Is it weird to write a word half kanji half hiragana?

A lot of words are written using two or more kanji. If I know only one of them, is it ok to write that one as kanji and the rest in hiragana? Or would that be weird for Japanese readers?

Example to clarify: weekend is 週末。Would it be ok to write しゅう末 or 週まつ?

Up until now, if there is one kanji I don‘t know in the word, I would write the whole thing in hiragana.

6 comments
  1. Even Japanese do this regularly with certain words with some difficult kanji, but I can’t remember any examples right now…

    It is a bit harder to read if the word is usually written in all kanji but would almost definitely be understood

  2. yes it’s fine. 1. there’s no instant fluency, just do what you can and improve over time. 2. for may words, even natives write it halfway, often because one of the kanji is just too complex or too uncommon.

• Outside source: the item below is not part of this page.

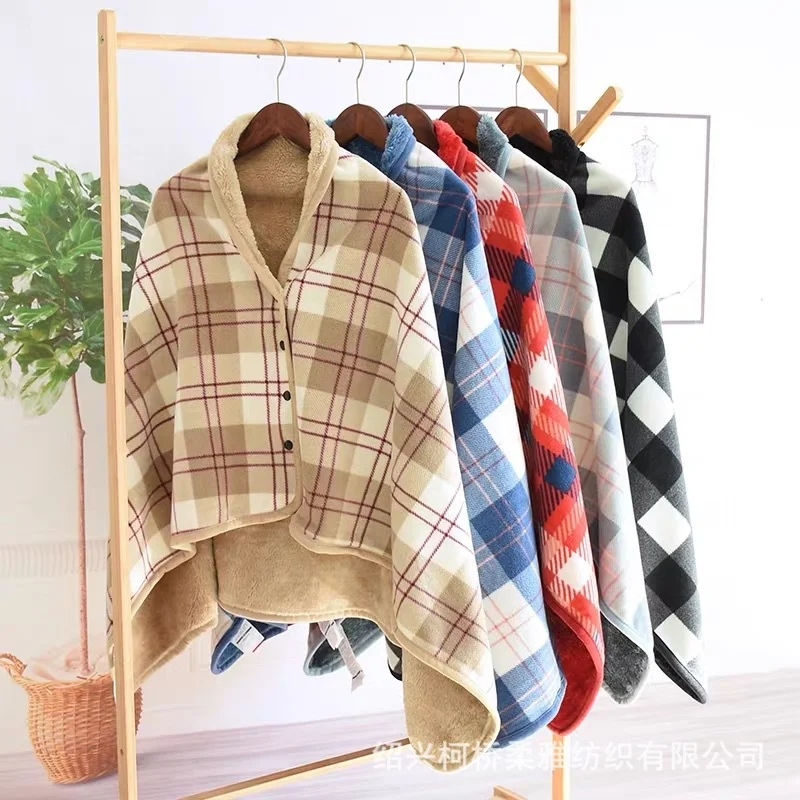 Wearable winter Blanket Double layer Extra Soft Super Warm Tartan Shawl Plush Throw Blanket Scarf Neck Shoulder Blanket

  3. It would be weird if you typed it, since the Kanji is only a stroke of the space-bar away. It’s OK to do this if you don’t know the Kanji, but it would be preferable if you wrote them both. I would expect a native speaking adult to be able to do so, but if you’re learning people should be generous with you. Even with adults it’s understandable for very hard Kanji like 薔薇 but it’d be strange to see い見 or む中.

  4. Some words are just written like that anyway, usually because the kanji is uncommon. The example that comes to mind immediately is 田んぼ, where 圃 is written in its kana form instead as ぼ.

  5. That’s how kids learn to write here. They kearn all the words with a specific Kanji in them, and from then on they always write that part in Kanji. But they don’t know all the other parts of all these words yet, so they write them in Hiragana. Grade leveled books do the same.